Part Wild Horses Mane On Both Sides aren't going to inspire a sudden adrenaline boost in my system, they're more a soothing lullaby. They start quietly with dry taps of the keys on the flute. When it's blown the flute been given an echoed out dub effect. The swirling textures soar, arc and wheel like a flight of birds. With, between, and against this drummer taps, raps and knocks the edges of his kit as if afraid to conventially strike it. He creates an infinite pitter patter of beats as if he isn't allowed to play the same ones twice.

Tony Marsh is a jazz drummer of 30 years standing. I must confess that I had not previously come across him. He plays a solo set. It begins with extended, pulsing, cymbal shimmer, like waves on a shore. Then he moves his attention to the skins. It's elliptical, complex.
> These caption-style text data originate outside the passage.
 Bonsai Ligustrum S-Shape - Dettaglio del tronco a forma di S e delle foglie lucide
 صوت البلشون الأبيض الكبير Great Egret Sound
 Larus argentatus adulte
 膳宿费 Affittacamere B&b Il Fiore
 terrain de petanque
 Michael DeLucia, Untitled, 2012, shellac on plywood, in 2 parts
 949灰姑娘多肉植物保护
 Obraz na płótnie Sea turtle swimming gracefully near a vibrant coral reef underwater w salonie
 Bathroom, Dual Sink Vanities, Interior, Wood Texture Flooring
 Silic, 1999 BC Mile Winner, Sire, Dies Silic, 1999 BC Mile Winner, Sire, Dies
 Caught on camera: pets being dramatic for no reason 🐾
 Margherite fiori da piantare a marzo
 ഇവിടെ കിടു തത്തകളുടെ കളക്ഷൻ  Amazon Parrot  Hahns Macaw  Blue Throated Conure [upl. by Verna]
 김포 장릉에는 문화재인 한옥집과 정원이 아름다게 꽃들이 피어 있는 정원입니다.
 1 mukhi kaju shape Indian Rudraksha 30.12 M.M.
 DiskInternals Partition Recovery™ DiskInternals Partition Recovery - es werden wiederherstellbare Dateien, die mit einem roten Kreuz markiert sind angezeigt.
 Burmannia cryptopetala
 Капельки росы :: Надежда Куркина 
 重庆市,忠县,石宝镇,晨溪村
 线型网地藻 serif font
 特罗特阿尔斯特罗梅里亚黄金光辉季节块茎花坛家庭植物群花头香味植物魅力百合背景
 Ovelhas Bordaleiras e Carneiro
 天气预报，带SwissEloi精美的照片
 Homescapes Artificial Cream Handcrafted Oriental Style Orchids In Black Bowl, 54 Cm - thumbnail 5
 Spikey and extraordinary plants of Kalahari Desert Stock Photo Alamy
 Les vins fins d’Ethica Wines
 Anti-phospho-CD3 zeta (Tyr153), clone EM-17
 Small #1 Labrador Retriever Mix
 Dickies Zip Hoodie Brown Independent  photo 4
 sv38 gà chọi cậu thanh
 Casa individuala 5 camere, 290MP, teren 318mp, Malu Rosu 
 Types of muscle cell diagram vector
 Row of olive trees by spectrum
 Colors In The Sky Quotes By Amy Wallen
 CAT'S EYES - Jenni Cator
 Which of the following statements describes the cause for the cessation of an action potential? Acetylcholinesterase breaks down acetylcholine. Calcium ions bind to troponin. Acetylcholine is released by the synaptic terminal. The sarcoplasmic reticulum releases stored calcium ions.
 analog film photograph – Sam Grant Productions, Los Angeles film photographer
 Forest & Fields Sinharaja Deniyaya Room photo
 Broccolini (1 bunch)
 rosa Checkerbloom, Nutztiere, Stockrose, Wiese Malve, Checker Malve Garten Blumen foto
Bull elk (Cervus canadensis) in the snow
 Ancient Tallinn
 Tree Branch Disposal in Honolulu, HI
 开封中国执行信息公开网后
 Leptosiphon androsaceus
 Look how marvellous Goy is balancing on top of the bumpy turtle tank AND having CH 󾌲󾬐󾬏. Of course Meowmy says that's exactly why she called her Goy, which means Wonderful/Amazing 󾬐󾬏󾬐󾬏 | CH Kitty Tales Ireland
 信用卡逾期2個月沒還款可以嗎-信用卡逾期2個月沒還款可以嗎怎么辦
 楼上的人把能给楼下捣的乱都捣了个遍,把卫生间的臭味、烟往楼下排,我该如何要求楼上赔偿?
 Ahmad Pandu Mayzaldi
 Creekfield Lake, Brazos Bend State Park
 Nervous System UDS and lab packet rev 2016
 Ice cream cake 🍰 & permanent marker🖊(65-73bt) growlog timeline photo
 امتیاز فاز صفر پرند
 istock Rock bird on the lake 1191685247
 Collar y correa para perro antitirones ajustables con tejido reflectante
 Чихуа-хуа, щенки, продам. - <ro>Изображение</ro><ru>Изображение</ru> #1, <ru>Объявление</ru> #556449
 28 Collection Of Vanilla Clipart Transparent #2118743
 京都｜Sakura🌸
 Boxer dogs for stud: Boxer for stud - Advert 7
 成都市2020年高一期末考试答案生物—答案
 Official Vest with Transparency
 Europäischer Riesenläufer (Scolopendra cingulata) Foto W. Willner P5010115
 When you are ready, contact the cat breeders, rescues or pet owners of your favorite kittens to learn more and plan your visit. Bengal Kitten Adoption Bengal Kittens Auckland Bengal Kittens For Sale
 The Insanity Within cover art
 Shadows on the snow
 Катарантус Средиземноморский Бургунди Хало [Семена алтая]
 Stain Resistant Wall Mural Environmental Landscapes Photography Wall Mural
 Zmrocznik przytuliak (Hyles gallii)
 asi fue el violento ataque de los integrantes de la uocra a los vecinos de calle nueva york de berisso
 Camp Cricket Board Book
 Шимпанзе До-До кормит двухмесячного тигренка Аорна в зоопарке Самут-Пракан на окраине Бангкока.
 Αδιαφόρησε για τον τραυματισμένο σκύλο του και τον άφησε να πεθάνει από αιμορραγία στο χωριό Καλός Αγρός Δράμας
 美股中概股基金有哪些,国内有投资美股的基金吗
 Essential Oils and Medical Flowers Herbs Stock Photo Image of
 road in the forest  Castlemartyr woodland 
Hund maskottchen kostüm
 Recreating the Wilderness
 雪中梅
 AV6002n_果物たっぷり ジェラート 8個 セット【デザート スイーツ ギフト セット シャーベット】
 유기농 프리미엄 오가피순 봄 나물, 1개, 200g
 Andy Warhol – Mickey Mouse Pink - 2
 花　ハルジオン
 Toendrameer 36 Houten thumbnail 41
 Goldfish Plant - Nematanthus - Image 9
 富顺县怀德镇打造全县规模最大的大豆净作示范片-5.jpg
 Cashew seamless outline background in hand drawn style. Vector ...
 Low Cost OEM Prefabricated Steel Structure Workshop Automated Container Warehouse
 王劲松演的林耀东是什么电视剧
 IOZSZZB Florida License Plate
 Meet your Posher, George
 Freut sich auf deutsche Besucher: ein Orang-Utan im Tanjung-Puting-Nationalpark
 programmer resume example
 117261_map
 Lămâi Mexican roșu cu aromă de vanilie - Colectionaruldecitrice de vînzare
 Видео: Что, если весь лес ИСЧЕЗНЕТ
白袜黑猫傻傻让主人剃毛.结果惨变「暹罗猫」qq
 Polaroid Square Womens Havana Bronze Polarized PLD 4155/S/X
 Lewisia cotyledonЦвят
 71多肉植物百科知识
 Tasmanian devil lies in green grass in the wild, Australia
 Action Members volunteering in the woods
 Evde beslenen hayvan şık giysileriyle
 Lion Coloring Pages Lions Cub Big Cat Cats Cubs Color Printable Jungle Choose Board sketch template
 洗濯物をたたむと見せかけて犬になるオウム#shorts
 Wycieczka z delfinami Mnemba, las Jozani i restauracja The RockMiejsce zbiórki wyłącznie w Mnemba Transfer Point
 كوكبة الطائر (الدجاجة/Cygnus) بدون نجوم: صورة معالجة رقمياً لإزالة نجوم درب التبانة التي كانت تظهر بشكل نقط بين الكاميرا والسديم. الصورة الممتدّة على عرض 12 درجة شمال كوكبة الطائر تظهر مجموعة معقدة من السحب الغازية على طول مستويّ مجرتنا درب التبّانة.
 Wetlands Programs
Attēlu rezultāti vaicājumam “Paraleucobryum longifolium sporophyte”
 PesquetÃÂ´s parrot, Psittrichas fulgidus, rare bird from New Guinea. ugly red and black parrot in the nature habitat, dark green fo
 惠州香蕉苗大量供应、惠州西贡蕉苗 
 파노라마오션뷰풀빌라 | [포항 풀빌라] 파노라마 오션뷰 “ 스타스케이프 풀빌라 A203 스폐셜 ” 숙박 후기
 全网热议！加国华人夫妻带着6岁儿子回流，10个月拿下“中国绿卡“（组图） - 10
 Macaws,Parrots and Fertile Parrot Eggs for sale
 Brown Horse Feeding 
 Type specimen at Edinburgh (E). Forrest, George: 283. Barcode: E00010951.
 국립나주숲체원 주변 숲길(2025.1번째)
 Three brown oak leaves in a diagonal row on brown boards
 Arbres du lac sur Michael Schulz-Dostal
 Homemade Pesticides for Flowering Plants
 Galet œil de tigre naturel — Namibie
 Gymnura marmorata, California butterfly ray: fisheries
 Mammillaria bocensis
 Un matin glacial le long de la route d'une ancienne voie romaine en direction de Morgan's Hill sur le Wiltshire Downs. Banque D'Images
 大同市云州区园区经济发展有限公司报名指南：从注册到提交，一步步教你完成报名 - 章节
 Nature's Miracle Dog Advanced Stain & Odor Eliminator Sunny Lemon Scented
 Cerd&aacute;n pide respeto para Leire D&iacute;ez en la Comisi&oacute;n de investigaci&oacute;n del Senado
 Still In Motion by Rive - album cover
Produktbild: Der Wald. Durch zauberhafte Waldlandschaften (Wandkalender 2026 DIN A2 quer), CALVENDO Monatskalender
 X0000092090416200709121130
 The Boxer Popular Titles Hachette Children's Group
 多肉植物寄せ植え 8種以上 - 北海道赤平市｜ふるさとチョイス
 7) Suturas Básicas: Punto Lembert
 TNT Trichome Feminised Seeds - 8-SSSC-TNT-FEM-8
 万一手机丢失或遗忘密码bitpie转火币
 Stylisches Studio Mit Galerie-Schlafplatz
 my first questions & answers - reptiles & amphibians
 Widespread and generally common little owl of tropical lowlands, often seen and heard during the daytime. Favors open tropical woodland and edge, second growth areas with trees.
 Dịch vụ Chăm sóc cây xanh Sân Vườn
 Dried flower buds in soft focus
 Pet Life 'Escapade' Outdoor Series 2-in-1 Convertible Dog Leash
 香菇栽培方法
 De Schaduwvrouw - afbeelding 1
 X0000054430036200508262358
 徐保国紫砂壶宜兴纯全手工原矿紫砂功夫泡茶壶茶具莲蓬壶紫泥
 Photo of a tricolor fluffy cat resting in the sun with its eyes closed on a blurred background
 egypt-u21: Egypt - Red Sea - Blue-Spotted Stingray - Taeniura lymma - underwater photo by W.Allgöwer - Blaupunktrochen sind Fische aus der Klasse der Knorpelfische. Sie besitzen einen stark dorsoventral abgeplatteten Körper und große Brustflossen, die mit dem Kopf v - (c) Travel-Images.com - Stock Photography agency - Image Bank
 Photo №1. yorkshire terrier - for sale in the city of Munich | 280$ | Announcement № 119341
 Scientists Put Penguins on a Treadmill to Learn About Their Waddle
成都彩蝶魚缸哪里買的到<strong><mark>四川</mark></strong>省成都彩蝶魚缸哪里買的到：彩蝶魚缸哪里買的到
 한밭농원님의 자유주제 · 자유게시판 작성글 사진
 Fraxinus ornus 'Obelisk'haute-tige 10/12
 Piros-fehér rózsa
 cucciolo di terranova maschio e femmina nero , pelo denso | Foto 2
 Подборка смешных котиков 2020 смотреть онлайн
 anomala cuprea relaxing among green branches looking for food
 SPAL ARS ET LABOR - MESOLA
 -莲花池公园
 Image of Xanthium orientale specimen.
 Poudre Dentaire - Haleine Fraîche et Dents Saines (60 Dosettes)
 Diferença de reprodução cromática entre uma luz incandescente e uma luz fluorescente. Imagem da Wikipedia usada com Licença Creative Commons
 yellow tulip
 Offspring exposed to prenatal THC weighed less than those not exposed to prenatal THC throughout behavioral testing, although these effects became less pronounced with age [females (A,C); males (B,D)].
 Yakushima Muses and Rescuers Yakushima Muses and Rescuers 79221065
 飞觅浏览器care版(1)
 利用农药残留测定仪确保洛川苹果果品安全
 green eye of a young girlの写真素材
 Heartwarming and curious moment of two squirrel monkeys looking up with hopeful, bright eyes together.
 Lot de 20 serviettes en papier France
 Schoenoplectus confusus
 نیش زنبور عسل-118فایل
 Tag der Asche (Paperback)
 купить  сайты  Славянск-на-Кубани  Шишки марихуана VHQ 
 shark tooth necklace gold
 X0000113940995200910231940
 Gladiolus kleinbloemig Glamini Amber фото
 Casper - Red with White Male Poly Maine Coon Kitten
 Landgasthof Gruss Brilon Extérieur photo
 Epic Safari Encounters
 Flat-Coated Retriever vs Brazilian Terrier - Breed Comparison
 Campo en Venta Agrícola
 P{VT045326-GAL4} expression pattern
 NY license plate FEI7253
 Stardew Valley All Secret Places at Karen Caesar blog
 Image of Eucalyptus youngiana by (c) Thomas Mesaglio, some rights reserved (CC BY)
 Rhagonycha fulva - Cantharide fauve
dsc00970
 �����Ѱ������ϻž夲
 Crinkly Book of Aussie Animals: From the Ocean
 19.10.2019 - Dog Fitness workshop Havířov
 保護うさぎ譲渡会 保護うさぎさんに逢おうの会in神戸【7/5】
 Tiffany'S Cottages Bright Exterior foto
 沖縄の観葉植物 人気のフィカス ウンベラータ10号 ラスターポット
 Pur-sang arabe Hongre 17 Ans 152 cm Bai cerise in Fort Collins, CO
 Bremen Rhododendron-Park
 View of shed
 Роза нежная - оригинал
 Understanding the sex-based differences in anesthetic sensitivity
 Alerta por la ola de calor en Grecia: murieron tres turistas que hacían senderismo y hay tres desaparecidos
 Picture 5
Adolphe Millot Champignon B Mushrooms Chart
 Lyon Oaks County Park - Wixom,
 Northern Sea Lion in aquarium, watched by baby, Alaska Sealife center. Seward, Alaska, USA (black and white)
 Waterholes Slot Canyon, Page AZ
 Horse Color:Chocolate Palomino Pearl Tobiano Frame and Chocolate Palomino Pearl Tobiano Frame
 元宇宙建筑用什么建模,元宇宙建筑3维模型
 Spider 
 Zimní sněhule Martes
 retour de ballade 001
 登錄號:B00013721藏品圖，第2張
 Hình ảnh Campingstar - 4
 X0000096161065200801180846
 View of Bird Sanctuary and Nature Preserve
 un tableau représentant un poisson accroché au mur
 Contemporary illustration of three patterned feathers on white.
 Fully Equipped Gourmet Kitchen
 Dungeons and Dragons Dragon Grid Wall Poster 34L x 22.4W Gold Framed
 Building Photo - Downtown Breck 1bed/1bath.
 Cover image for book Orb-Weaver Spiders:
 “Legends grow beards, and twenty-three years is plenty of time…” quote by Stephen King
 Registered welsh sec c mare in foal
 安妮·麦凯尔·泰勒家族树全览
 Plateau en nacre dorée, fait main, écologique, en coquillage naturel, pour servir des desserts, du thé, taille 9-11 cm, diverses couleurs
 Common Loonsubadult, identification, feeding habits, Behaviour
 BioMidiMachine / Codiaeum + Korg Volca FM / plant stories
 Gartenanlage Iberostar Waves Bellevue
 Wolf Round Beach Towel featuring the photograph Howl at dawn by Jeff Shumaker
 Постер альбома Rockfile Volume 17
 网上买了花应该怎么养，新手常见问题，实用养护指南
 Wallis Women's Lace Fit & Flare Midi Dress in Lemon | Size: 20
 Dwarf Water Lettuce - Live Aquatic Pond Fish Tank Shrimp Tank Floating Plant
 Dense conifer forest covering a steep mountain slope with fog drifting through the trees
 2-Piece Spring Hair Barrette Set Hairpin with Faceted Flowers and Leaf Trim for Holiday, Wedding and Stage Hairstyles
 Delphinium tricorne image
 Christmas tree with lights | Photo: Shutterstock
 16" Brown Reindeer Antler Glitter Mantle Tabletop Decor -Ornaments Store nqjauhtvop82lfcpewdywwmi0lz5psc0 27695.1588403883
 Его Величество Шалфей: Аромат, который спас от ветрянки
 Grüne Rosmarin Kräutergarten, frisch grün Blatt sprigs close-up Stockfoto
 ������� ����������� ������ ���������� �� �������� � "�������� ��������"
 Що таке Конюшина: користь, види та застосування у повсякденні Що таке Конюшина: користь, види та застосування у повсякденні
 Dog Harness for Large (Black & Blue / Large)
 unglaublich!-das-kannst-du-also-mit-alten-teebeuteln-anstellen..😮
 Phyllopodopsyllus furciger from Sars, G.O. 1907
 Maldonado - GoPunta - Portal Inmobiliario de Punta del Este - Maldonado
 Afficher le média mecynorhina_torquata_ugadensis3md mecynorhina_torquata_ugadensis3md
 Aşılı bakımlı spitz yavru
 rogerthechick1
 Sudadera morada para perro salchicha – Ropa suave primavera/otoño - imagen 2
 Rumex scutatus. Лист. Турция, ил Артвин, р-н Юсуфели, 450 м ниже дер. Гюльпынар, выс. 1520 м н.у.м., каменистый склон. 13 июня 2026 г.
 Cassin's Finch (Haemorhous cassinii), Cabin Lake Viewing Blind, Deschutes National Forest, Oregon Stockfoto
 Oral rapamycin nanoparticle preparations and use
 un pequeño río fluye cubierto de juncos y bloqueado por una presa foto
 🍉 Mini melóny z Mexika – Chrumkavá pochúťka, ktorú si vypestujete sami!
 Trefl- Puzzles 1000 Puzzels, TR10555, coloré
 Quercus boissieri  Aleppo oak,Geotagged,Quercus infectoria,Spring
He shifts from the ever evolving patterns with deceptive simplicity. It's like listening to a double helix. He plays fast with no discernable effort. I marvel at one persons mastery of their instrument.

Before Part Wild Horses Mane On Both Sides return for their second. This time the drummer is hitting his kit with concerted force. He has overcome his early shyness. The flautist responds by playing with a bit more puff. I'm bone tired now and I flicker between wakefullness and sleep.


The Psychic Paramount/Teeth Of The Sea/Morgen Und Nite - Corsica Studios, London, 26.05.09
[info]jiltedbarfly

Gigs at the Corsica Studio are a frills free experience. A concrete box with a stage and a bar that looks like it was knocked together in an afternoon. In it's favour it does have a smoke machine and coloured lights which can lend even the most uninspired band some temporary atmosphere.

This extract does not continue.